- _DESCRIPTION OF THE TASK_:
Starting from the line with "Challenger Hydraulic Hose" and going up to and including the line with "CG assembly-session: कांग्रेस", copy the listing below exactly. Leave all images out.

- _INPUT DATA_:

════════════════════

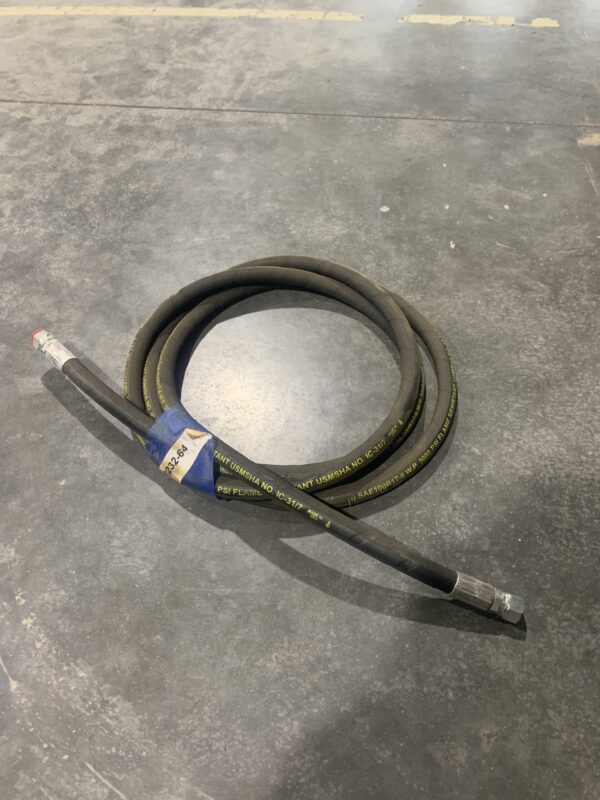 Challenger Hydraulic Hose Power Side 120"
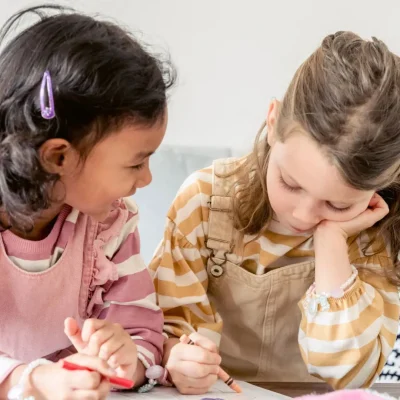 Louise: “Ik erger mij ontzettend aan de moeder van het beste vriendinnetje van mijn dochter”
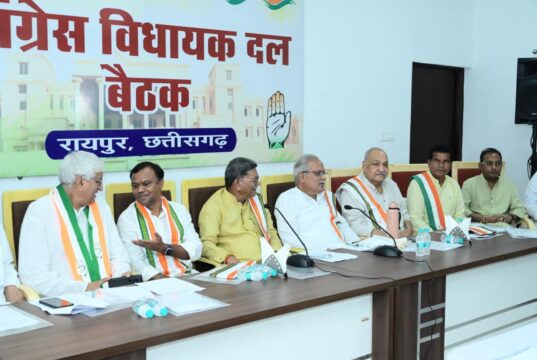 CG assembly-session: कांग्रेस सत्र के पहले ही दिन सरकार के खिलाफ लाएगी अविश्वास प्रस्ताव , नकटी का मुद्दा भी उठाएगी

════════════════════

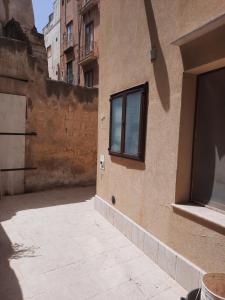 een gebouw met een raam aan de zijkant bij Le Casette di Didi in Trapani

════════════════════

- _ANSWER SECTION_:
 Challenger Hydraulic Hose Power Side 120"
 Louise: “Ik erger mij ontzettend aan de moeder van het beste vriendinnetje van mijn dochter”
 CG assembly-session: कांग्रेस सत्र के पहले ही दिन सरकार के खिलाफ लाएगी अविश्वास प्रस्ताव , नकटी का मुद्दा भी उठाएगी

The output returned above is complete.